Peter Johnstone's book Stone Spaces (p. 144) proves that for any X, maximal ideals in $C(X)$ are the same as maximal ideals in $C_b(X)$ (bounded functions), i.e. the Stone-Cech compactification $\beta X$. Indeed, if I is a maximal ideal, let Z(I) be the set of all zero sets of elements of I; this is a filter on the lattice of all closed sets that are zero sets of functions. Then I is contained in J(Z(I)), the set of functions whose zero sets are in Z(I), so by maximality they are equal. But also, by maximality, Z(I) must be a maximal filter on the lattice of zero sets, and we get a bijection between maximal filters of zero sets and maximal ideals in $C(X)$. Now the exact same discussion applies to $C_b(X)$ to give a bijection between maximal filters of zero sets and maximal ideals of $C(X)$ (since the possible zero sets of bounded functions are the same as the possible zero sets of all functions). But the maximal ideals of $C_b(X)$ are just $\beta X$.

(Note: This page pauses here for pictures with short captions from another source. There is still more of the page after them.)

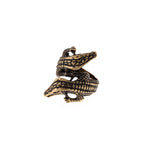 Double crocodile ring in gold and black color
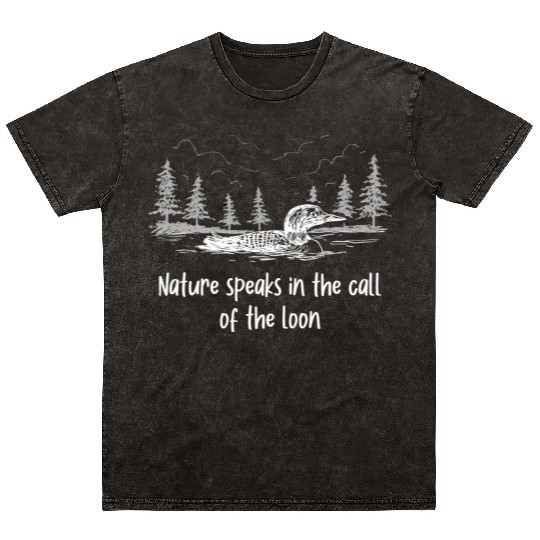 Nature Speaks Loon Bird Watching Loons Mineral Wash T Shirts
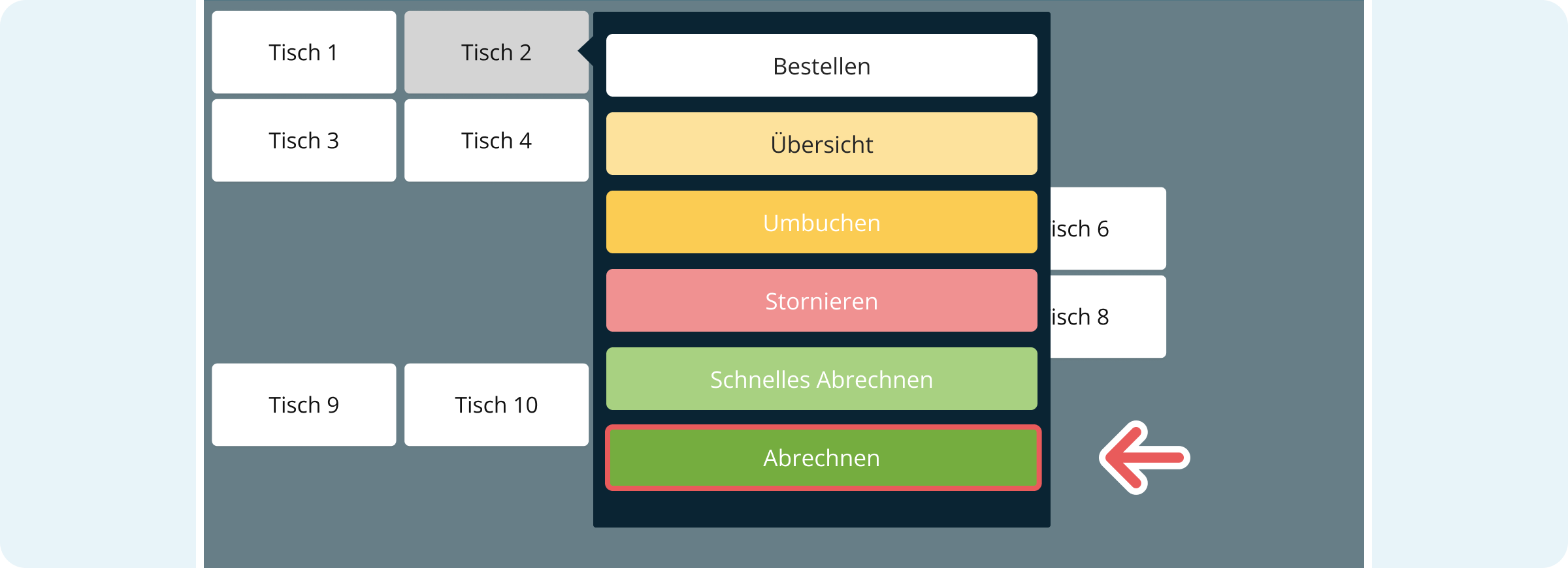 Tisch abrechnen in der Kasse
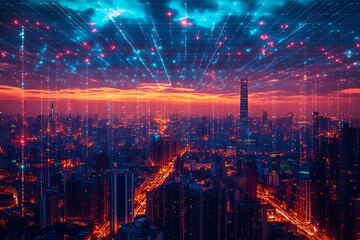 Obraz premium Cityscape at dawn with digital network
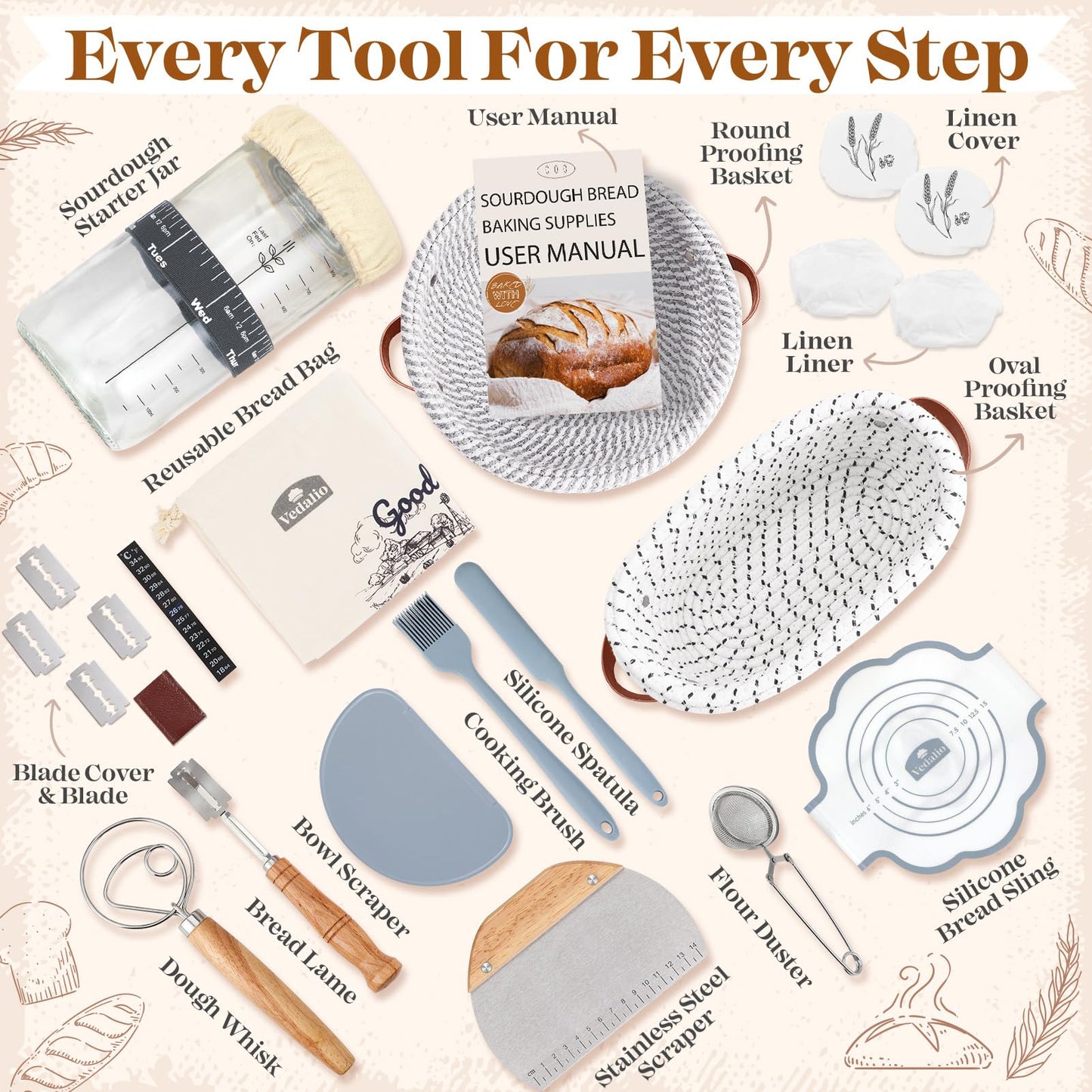 Sourdough Starter Kit, Sourdough Bread Baking Supplies, Sour Dough Starter Kits, Sourdough Tools for Modern Home And Kitchen, Sour Dough Tools, Bread Making Tools Kit, Gifts for Bakers Women Wife Mom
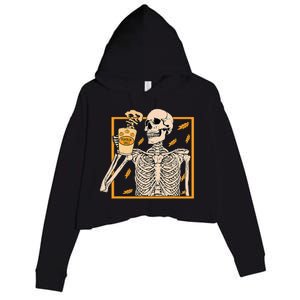 Spooky Halloween Pumpkin Spice Syrup Creamer Crop Fleece Hoodie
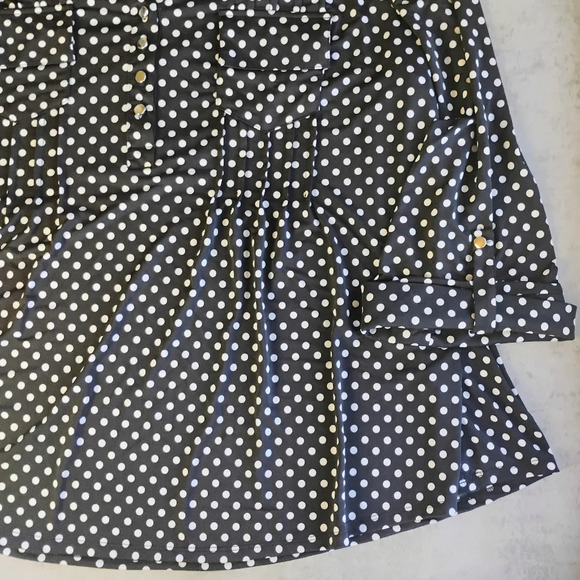 Cocomo Polka Dot Blouse Roll Tab Sleeve Pleated Relaxed Fit Black White Size 3X - Picture 8 of 11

The difference between $C_b(X)$ and $C(X)$ is that for $C_b(X)$, the residue fields for all of these maximal ideals are just $C$, while for $C(X)$ you can get more exotic things. Indeed, if a maximal ideal in $C(X)$ has residue field $C$, then every function on X must automatically extend continuously to the corresponding point of $\beta X$. This can actually happen for noncompact X, e.g. the ordinal $\omega_1$.

Section IV.3 of Johnstone's book has a pretty thorough discussion of this stuff if you want more details.

Answer 2

This isn't really an answer to your question, but I'd like to see it here next time I come looking, so I'll post it. The following result is basically Theorem 2.1 in C^∞-differentiable spaces by Juan A. Navarro González and Juan B. Sancho de Salas.

Theorem: For any manifold M, the maximal ideals of C(M) whose residue field is ℝ is exactly in bijection with the points of M.

Proof: It's clear that points give you distinct maximal ideals with residue field ℝ, so we just need to show that every such ideal comes from a point. Suppose m is a maximal ideal in C(M) such that C(M)/m=ℝ and ∩_g∈m{g=0}=∅.

Choose a sequence of compact sets K₁⊂K₂⊂...⊂M such that K_i is in the interior of K_i+1 and M=∪K_i (you can do this since M is hausdorff and second countable). For each i, choose a function f_i which is 0 on K_i but 1 outside of K_i+1, and define f=∑f_i. Note that for any r∈ℝ, the set {x|f(x)=r} is a closed subset of some K_i, so it is compact.

Since we have a surjection C(M)→ℝ whose kernel is m, there is some r∈ℝ so that f-r∈m. Since ∩_g∈m{g=0}=∅, the open sets {g≠0}_g∈m is a cover of M, and in particular cover the compact set {f=r}. So there is some finite collection g₁, g₂, ..., g_n∈m so that {g₁=0}∩...∩{g_n=0}∩{f=r}=∅. But then (g₁)²+...+(g₁)²+(f-r)²∈m is a nowhere vanishing function, so it is a unit, so m=C(M), a contradiction.